Inspiration: Oaty Cranberry Granola Bars

• 1-2/3 cup oats
• 1/3 cup oat flour (Pulse oats in the food processor.)
• 1/2 tsp salt
• 1/4 tsp cinnamon
• 1/2 tsp wheat germ
• 1/3 tsp ground flaxseed
• 1 cup dried fruit (I used berries, raisins and pineapple.)
• 1/2 cup crushed almonds
• 1/2 cup crushed peanuts
• 1/3 cup peanut butter
• 1 tsp vanilla
• Splash of water
• 1/2 cup honey

1) Combine all ingredients and mix completely. Refrigerate for at least 30 minutes.

2) Preheat oven to 350F. Using a cookie scoop, scoop out dough and form into a solid and compact ball—this is important! Bake for 15 minutes.

3) Cool for five, then put on a dinner plate and cool in the 'fridge until they're completely cold. Transfer to an airtight container and store. Or eat. Whichever comes first.

This another one of those recipes that's highly adaptable. I'm already bummed that I didn't add Chia seeds. And the whole cooling in the 'fridge thing? Clutch move to keep the "cookies" from crumbling. I'm serious.

In other news, my prize pack of Chobani Champions from Nature Mom's Blog arrived today.

Dudes, I am so stocked with yogurt right now! I got six 4-packs in a combo of two flavors. Orange Vanilla and Vanilla Chocolate Chunk. Since I gave up sweets (chocolate) for Lent, I opted to dig right into the Orange Vanilla.

And I have no regrets about it. This is technically a kid-friendly food, but kids eat adult foods so whatevs.

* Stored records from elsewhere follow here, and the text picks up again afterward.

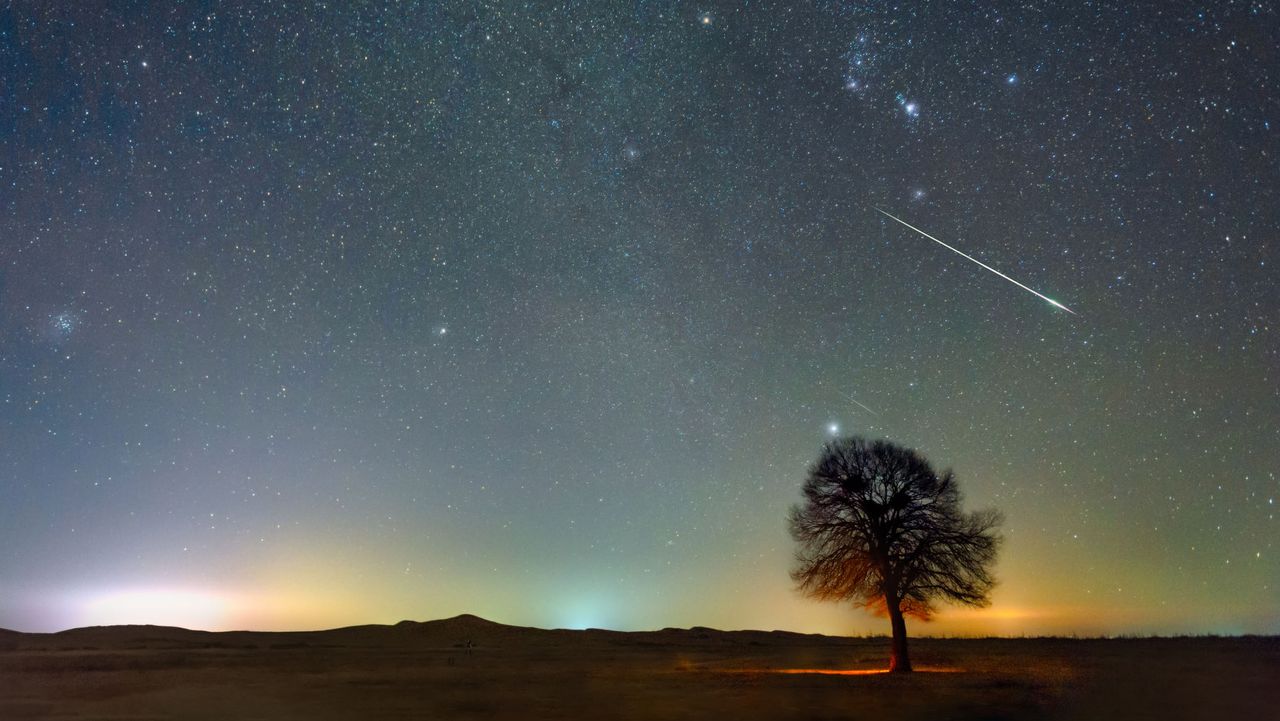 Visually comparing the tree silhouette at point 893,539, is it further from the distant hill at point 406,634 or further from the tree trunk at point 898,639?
the distant hill at point 406,634

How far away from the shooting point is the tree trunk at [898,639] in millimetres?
25680

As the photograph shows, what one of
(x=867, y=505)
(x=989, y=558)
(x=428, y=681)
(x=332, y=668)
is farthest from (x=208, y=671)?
(x=989, y=558)

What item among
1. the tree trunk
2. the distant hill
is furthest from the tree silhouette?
the distant hill

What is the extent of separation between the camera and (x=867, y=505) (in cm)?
2667

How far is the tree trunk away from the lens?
25.7 meters

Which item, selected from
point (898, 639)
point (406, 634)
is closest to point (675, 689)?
point (898, 639)

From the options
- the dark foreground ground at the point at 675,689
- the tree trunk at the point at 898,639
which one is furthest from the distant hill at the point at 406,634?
the tree trunk at the point at 898,639

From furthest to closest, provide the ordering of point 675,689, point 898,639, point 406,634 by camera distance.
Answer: point 406,634 → point 898,639 → point 675,689

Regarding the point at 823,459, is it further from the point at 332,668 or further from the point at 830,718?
the point at 332,668

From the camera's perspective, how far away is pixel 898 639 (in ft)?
85.0

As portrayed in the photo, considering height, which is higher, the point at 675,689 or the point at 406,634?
the point at 406,634

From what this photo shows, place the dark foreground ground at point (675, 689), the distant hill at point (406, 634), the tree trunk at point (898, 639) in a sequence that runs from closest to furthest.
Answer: the dark foreground ground at point (675, 689) → the tree trunk at point (898, 639) → the distant hill at point (406, 634)

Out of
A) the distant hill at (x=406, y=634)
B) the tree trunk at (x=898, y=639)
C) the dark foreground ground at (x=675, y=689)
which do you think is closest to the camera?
the dark foreground ground at (x=675, y=689)

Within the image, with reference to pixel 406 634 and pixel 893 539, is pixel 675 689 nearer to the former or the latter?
pixel 893 539
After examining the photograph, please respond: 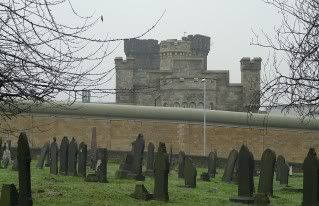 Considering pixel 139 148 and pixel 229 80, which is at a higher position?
pixel 229 80

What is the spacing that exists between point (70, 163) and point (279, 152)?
15.8 m

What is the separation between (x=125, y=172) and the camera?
15656mm

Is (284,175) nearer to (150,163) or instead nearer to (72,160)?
(150,163)

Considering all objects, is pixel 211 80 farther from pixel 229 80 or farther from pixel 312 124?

I'm glad the expiration date on the Vanilla Chocolate Chunk is well after the end of Lent.

Question: What else would you add to the recipe above? Or how would you change it? And is there a kid-friendly food that you can't get enough of?


Jen @ Peanut Butter and Peppers said...

I love granola, it's a horrible weakness of mine! I have to make your granola bites! Rain coming Saturday, looks like a perfect time to make the bites!!

TARA said...

So did you end up making them?!

Rebecca said...

I LOVE your recipe posts!!!!!!!!

TARA said...

I love YOUR recipe posts, Becca! When ya gonna do anotha?! (PS: I bet you could find some really awesome shots for your I LIVE (HERE) BECAUSE blog in SJ. For real.)